I couldn’t find a good title for the question, this is what I’m trying to do:
- This is .NET application.
- I need to store up to 200000 objects (between 3KB-500KB)
- I need to store about 10 of them per second from multiple-threads
- I use binaryserialization before storing it
- I need to access them later on by an integer, unique id
What’s the best way to do this?
- I can’t keep them on memory as I’ll get outofmemory exceptions
- When I store them in the disk as separate files what are the possible performance issues? Would it decrease the overall performance much?
- Shall I implement some sort of caching, for example combine 100 objects and write it once as one file.

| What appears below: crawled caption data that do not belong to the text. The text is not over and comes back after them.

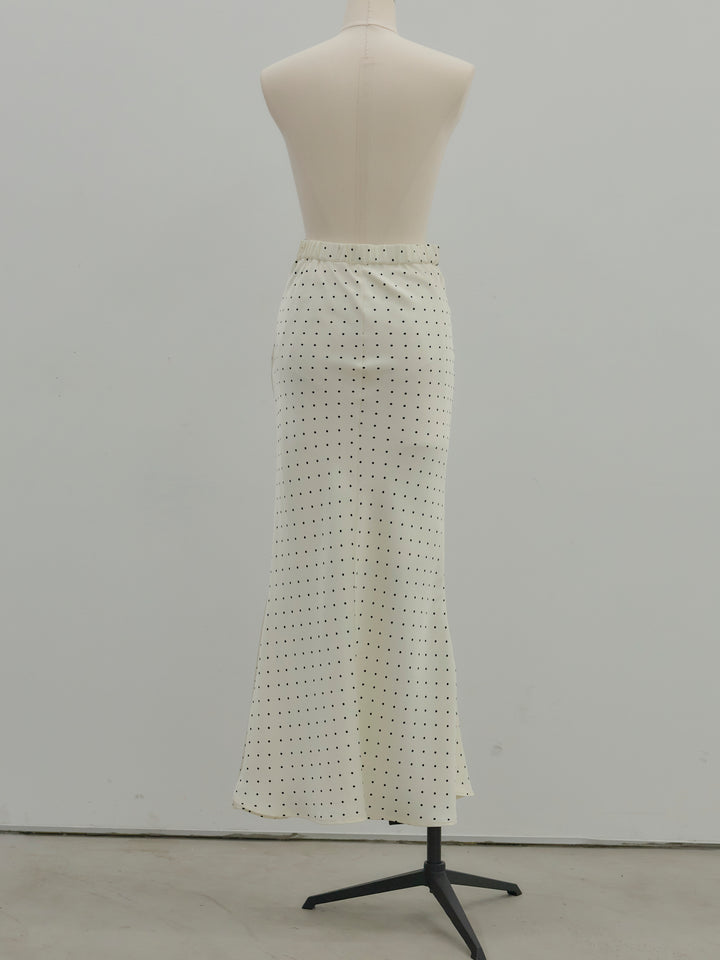 【SET】【Essential】Back open satin camisole dress+【Essential】Wrap design satin mermaid skirt(2set)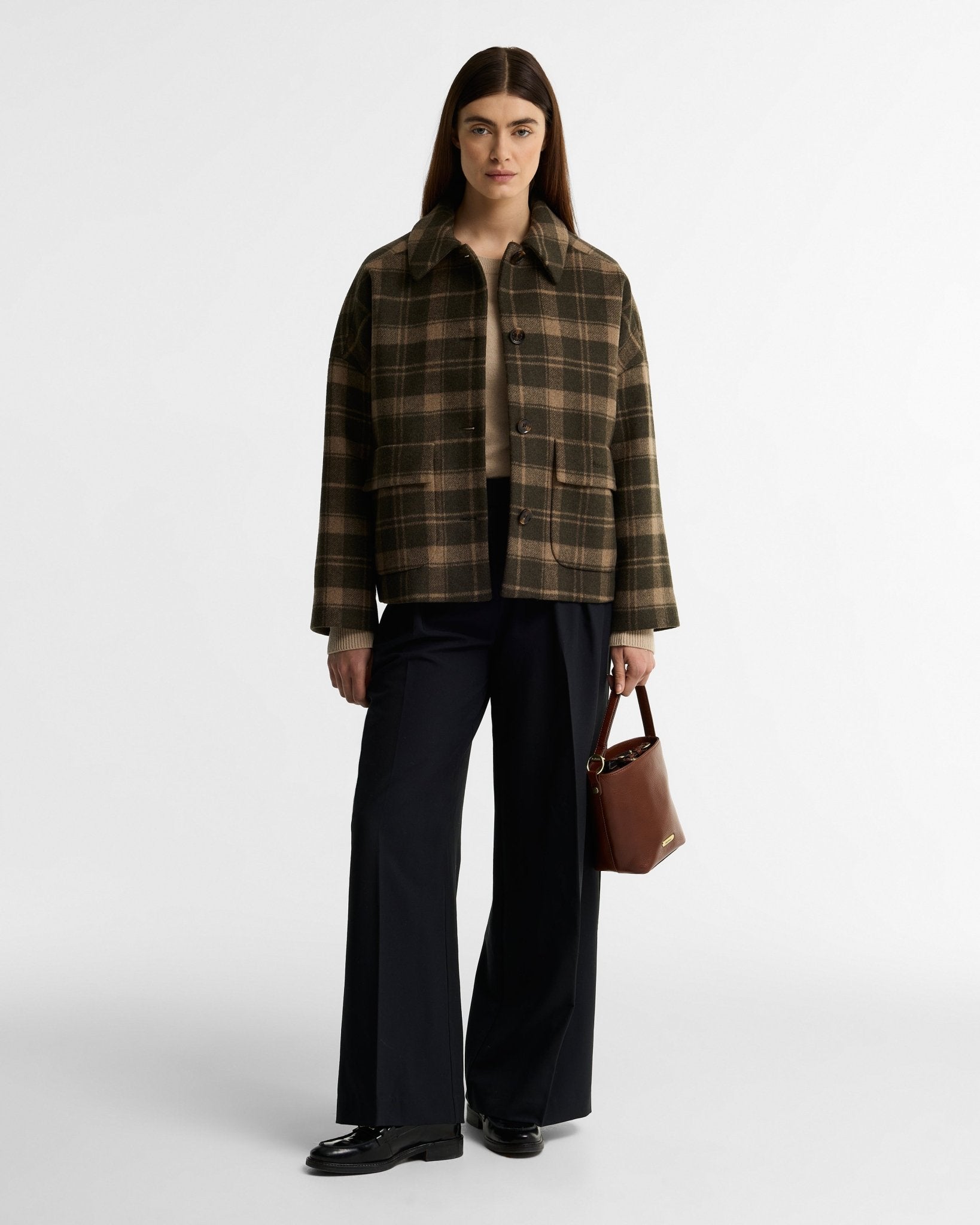 Young Ideas & Henmores -Myla Checked Wool Coat -OL51 Olive/Biscuit Check -6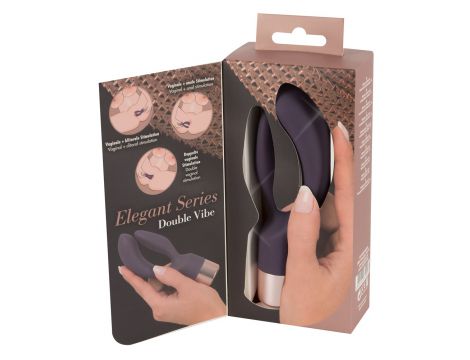 Wibrator króliczek Elegant Series podwójny silikonowy USB 15,2 cm - 17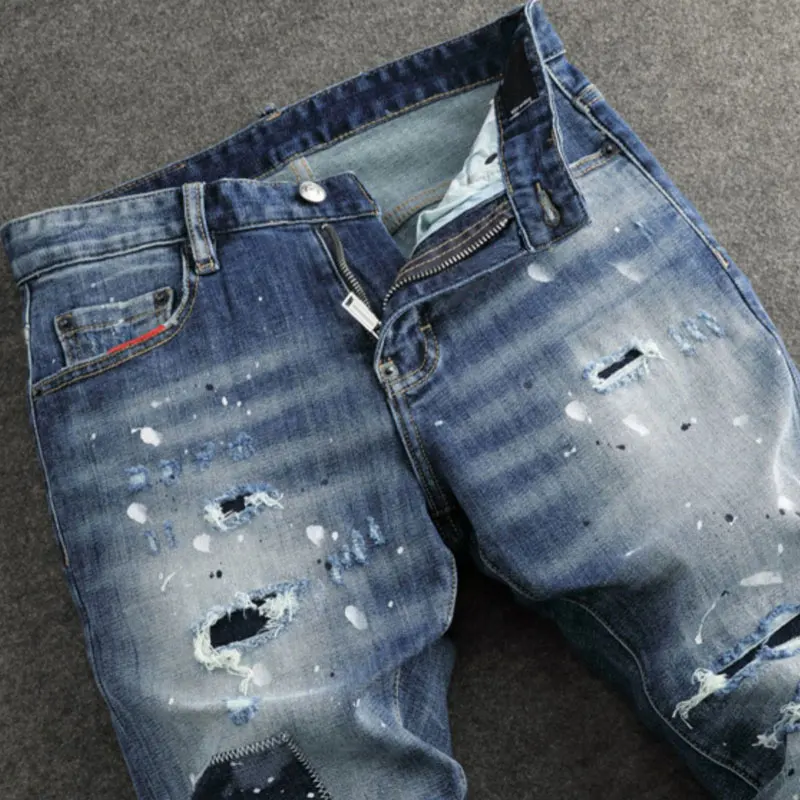Street Fashion Men Jeans High Quality Retro Blue Stretch Skinny Fit Ripped Jeans Men Painted Designer Hip Hop Brand Pants Hombre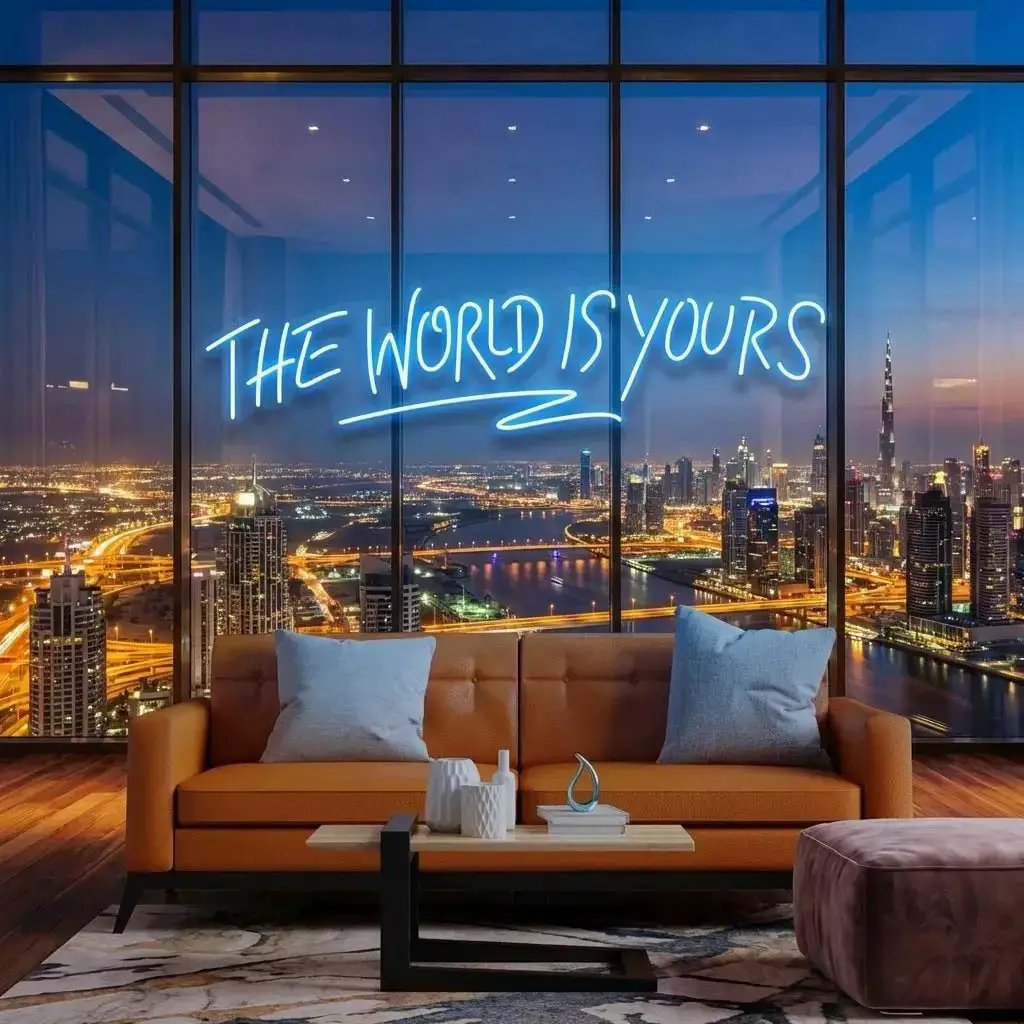 The World Is Yours Led Neon Sign Light - Upbeat Your Life by VN339
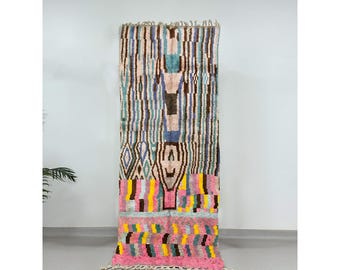 Hand-Knotted Beni Ourain Wool Rug: Colorful Abstract Moroccan Carpet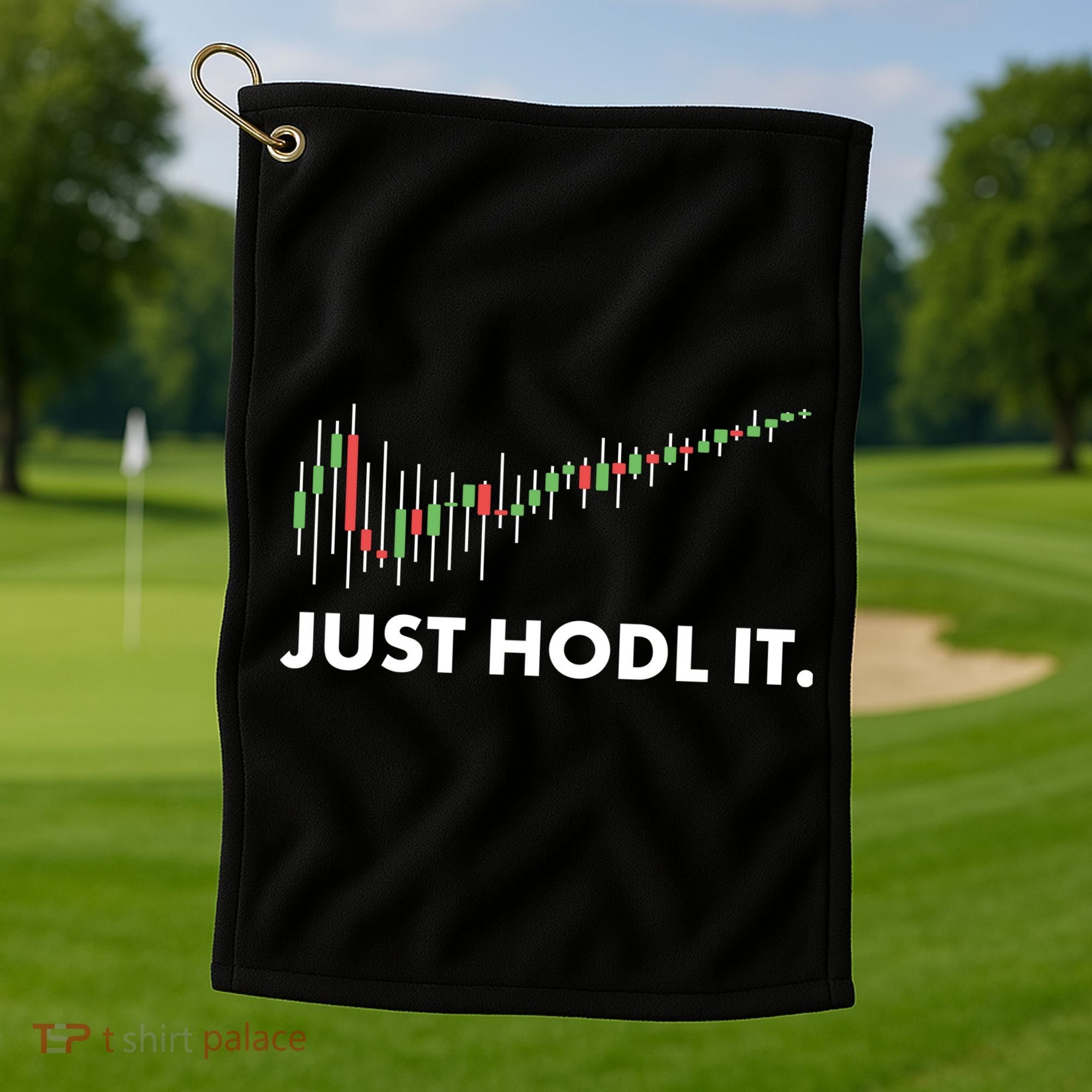 Just HODL It Moon Chart Crypto Currency Golf Towel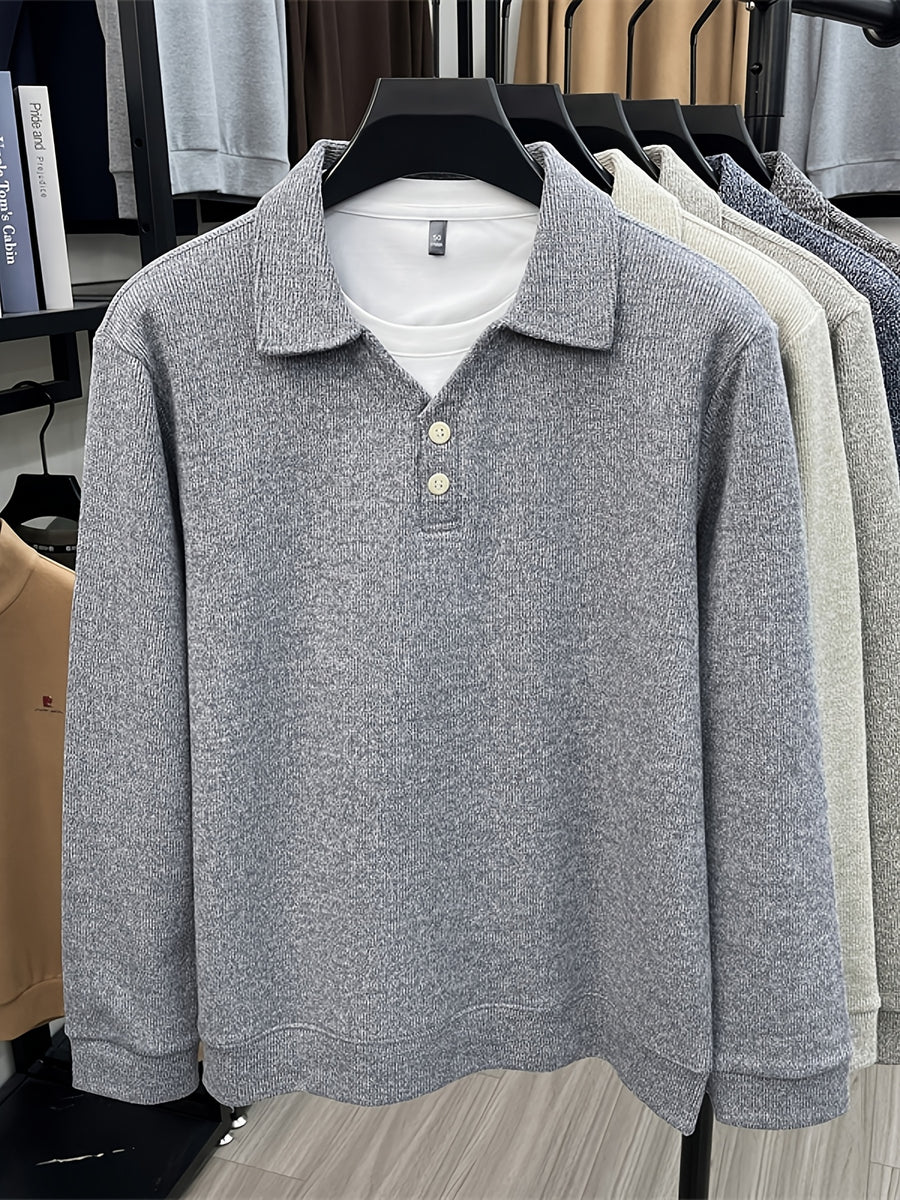 New Autumn/Winter Men's Pullover, Faux 2pcs Long Sleeve Lapel Knit Sweater, Geometric Pattern Men's Button-Up Sweater, Business Casual Fashion Versatile Solid Color Men's Top, Suitable for Daily Outings in Spring and Autumn, Men's Gift, First Choice - Light Grey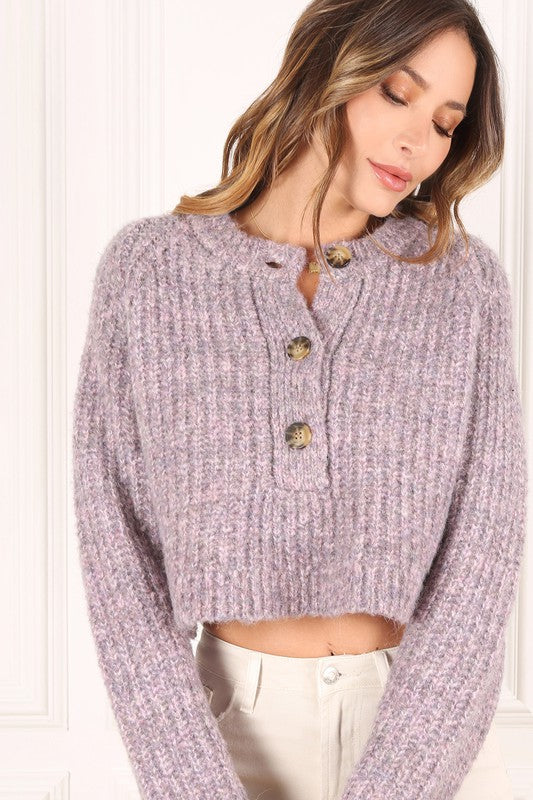 Melange multicolor sweater top - Lily and Lavender Boutique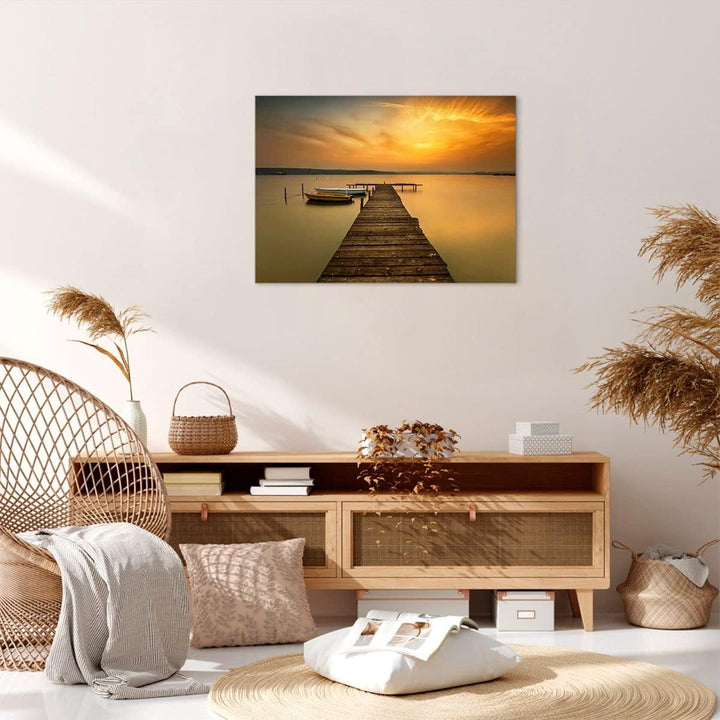 ARTTOR Bilder auf Leinwand See Brücke Leinwandbild mit Rahmen 70x50cm Wandbilder Dekoration Wohnzimm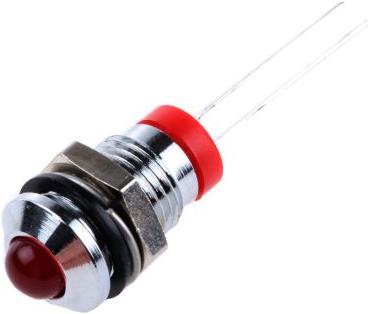 Produktbild RS PRO LED vorst 8mm chrom Pins 2VDC rot IP67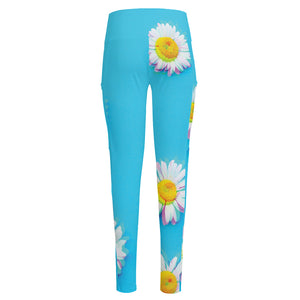 Glitch Daisy Flower Print High-Waisted Pocket Leggings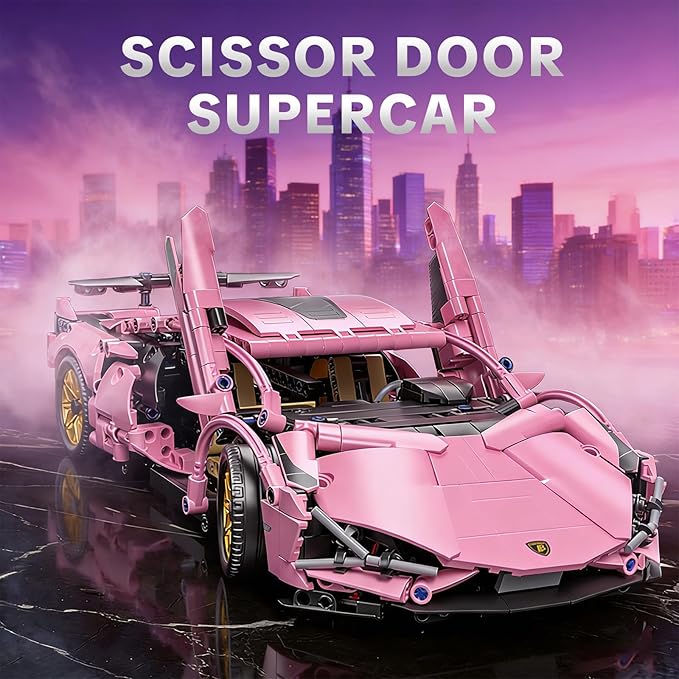 Race Car Building Block Set – 1:14 Pink Sport Speed Technical Supercar Model Kit 1314 PCS Collectible Challenging Vehicles Toys Birthday Gifts for Adults Boys Teens Age 8-12 8-14 14+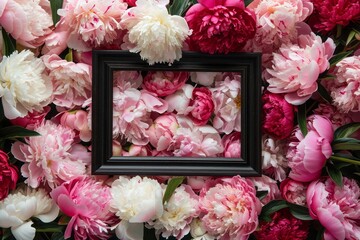 Real peony buds in different pastel shades with an empty frame in the center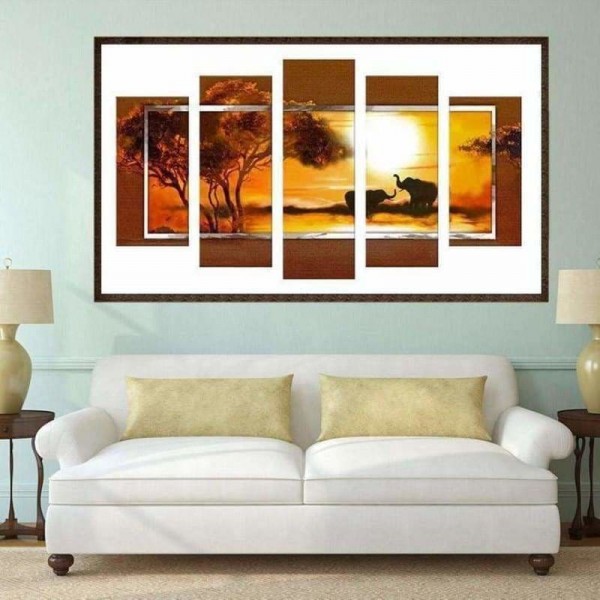 Volledige boor - 5D DIY Diamond Painting Kits Multi Panel Elephant Sunset
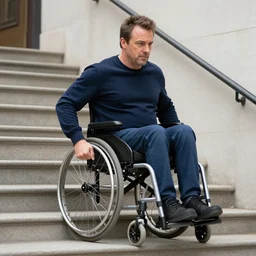 guy fieri in a wheel chair, going down stairs, action, hd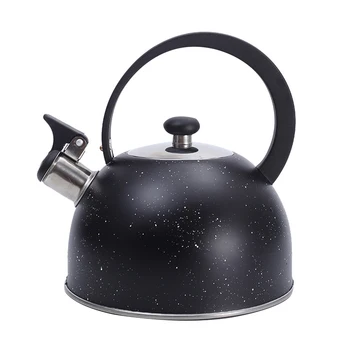 

1PC Black Whistle Teakettle Gas Whistle Boiling Water Kettle Moon Handle Heating Water Pot Metal Stylish Heating Water Pot for H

Then parse them later on. Or something similar?
- Shall use a database? (access time is not important, there won’t be search and I’ll access only couple of times by the known unique id). In theory I don’t need a database, I don’t want to complicate this.
UPDATE:
- I assume database would be slower than file system, prove me wrong if you got something about that. So that’s why I’m also leaning towards to file system. But what I’m truly worried is about writing 200KB*10 per second to HDD (this can be any HDD, I don’t control hardware, it’s a desktop tool which will be deployed in different systems).
- If I use file system I’ll store files in separate folders to avoid file-system related issues (so you can ignore that limitation)
If you want to avoid using a database, you can store them as files on disk (to keep things simple). But you need to be aware of filesystem considerations when maintaining a large number of files in a single directory.
A lot of common filesystems maintain their files per directory in some kind of sequential list (e.g., simply storing file pointers or inodes one after the other, or in linked lists.) This makes opening files that are located in the bottom of the list really slow.
A good solution is to limit your directory to a small number of nodes (say n = 1000), and create a tree of files under the directory.
So instead of storing files as:
/dir/file1 /dir/file2 /dir/file3 … /dir/fileN
Store them as:
/dir/r1/s2/file1 /dir/r1/s2/file2 … /dir/rM/sN/fileP
By splitting up your files this way, you improve access time significantly across most file systems.
(Note that there are some new filesystems that represent nodes in trees or other forms of indexing. This technique will work as well on those too.)
Other considerations are tuning your filesystem (block sizes, partitioning etc.) and your buffer cache such that you get good locality of data. Depending on your OS and filesystem, there are many ways to do this – you’ll probably need to look them up.
Alternatively, if this doesn’t cut it, you can use some kind of embedded database like SQLlite or Firebird.
HTH.